Can you call yourself a pastry chef if you are self taught with no formal training? Just a subject a friend and I are debating. I am sure everyone has an opinion on this and I would like to hear it! Thanks!


----------



## svadhisthana (May 6, 2001)

Yes.


----------



## cape chef (Jul 31, 2000)

I think titles are over rated.
My grandfather was a baker for 70 years and did not give 
Rats butt what you called him, as long as you were happy and he made enough money to feed his family
You do not need to be a “Culinary Graduate” to call yourself a pastry chef.

My pastry chef has never gone to formal training for 1 or 2 years but has taken a # of short courses to keep him polished and up to date.

Is he a pastry chef? You bet he is

Don’t get to caught up in names and titles, they’ll end up biting your fanny
cc


----------



## w.debord (Mar 6, 2001)

Cape chef is right about titles but I'll place my opinion too. I call myself a pastry chef and I'm self taught. That's title of the position I apply for, the name on my card, what everyone refers to me as and what I do. 

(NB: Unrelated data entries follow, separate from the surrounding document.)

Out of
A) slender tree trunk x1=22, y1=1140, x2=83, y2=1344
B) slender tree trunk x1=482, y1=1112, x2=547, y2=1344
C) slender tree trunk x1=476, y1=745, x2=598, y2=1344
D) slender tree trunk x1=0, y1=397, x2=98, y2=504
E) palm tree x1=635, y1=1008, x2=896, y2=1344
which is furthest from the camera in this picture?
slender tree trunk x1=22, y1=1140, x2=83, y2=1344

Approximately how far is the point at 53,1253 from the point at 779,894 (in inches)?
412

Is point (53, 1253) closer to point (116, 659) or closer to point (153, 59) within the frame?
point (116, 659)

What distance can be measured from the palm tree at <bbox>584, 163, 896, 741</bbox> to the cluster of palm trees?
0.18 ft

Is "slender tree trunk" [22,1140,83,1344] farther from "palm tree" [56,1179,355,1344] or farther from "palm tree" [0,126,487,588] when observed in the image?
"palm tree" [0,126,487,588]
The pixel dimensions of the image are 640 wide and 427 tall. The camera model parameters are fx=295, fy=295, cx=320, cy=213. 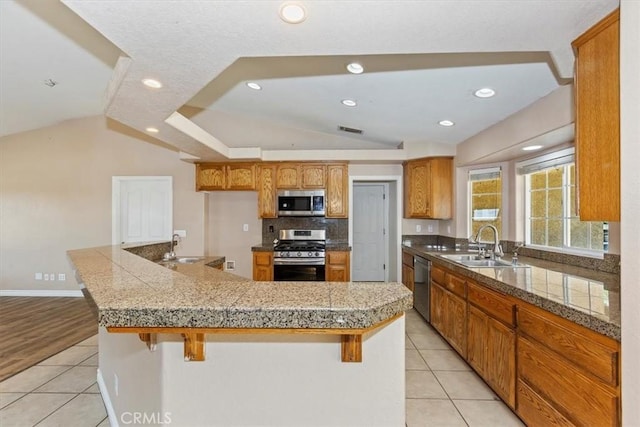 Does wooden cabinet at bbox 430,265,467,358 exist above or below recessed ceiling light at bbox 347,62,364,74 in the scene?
below

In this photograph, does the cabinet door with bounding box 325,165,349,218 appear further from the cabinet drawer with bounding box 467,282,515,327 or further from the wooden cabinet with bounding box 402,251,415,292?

You can be a certified pastry chef or a certified master pastry chef and then you can add those initcals to the end of your name (that's a more formal title like M.D.) and it signifies that you've been tested and meet a standard level of ability. 

Actually I'm not sure I have those titles correct (I'd need to reference them quickly) but they exist and are used.

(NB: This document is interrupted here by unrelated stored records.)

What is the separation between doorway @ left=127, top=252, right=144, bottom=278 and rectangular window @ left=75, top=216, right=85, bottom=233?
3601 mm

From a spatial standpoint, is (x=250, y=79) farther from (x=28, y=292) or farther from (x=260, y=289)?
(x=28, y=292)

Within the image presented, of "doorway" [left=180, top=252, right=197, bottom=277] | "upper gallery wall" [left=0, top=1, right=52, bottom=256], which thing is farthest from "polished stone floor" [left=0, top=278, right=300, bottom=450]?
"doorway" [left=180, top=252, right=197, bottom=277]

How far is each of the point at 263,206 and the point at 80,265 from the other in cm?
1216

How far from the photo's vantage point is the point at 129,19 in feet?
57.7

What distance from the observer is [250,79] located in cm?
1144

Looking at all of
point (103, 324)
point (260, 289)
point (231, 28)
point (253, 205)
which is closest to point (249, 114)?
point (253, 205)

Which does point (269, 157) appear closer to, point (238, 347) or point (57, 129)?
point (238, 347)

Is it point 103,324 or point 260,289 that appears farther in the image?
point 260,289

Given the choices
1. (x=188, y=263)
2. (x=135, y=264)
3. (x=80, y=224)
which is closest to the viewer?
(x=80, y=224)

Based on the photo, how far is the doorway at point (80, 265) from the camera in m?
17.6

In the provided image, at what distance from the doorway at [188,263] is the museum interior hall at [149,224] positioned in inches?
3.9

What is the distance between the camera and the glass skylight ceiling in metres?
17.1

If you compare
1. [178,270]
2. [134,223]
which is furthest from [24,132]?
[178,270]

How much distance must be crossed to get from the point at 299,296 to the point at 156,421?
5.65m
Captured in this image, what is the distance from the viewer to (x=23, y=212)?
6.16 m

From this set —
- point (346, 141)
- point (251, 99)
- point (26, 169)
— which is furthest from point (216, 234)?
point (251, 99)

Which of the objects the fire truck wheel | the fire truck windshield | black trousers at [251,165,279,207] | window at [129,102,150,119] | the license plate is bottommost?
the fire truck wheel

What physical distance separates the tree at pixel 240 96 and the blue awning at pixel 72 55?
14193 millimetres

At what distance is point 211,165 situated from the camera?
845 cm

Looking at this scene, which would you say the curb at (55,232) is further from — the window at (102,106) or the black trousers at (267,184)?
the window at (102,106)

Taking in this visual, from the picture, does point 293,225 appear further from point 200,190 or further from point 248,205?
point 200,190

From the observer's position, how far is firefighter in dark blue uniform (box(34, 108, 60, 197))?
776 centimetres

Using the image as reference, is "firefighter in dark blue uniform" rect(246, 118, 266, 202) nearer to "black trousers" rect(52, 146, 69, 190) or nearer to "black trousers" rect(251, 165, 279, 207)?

I noticed a women in my area who likes to title herself 'executive pastry chef'. But in my opinion that title is reserved for pastry chefs with full staffs. Just like an executive chef often they are running such a large operations (like hotels) that they hardly cook food anymore (they run everything, teach, order, develop, etc...). Although if you've ever been an executive pastry chef and then choose to step down to a smaller facility I think they should keep their title executive pastry chef. So to me it symbolizes experience. But 'pastry chef' is someone paid to produce pastries (and you should be capable of making ANY pastries).

My two cents....


----------



## thebighat (Feb 21, 2001)

"Executive" is another of those leftover 90's buzzwords that sticks in my throat.
"I'm the executive associate pastry sous chef at a prestigious luxury hotel." What bs.

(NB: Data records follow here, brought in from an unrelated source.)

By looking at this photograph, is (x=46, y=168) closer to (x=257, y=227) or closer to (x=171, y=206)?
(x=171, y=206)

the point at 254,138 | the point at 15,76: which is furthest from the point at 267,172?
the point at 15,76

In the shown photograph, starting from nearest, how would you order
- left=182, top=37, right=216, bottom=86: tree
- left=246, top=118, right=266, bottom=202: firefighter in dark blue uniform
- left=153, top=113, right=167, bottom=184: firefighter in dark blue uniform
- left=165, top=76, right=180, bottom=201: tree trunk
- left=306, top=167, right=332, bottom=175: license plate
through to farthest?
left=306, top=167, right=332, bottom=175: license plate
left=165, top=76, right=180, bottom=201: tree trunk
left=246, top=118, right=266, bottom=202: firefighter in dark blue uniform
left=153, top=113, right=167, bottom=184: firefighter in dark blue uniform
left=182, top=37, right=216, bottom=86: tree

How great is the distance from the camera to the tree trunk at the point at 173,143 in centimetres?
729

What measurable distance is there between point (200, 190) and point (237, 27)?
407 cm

I think I remember reading that certified pastry cook is one level, certified working pastry chef is another, then certified executive pastry chef, and these all have to do with education level, and how many people you supervise. I'd consider being certified if it weren't so expensive. Last time I checked it was $175 bucks to join the ACF. Not gonna happen. I know you can be certified by them without joining, but another problem for me is that most of the places I've worked at over the years to verify my employment have gone out of bidness.


----------



## anna w. (Nov 27, 2001)

Thank you everyone! I concur. You helped make my argument. As I am self taught, I find that if I can do the job than I can call myself one !


----------



## kuan (Jun 11, 2001)

Bighat, you don't have to join the ACF to be certified. BTW, what's the whole deal these days with restaurant chefs who call themselves executive chefs? I chuckle everytime I hear that so and so is the executive chef at some restaurant.

Kuan


----------



## panini (Jul 28, 2001)

I personally feel any chef who has full responsibility for his or her outlet or operation including administrative, bottom line, P&R, all paperwork etc should carry the Exec. title. A working chef should carry production.
Being certified does not always reflect the position you currently have. A CWPC can work Exec. Pastry Chef, Food and Beverage Managers etc. I know.
Nothing wrong with titles! Most people work hard for them. Sometimes its the only reward besides the customers.
I somehow have gotten a jacket that reads Chef/Owner. I chuckle when people ask me about it, I tell them I own a stable of chefs. 
Just my 2 cents.
  :chef:  :smoking: :crazy:


----------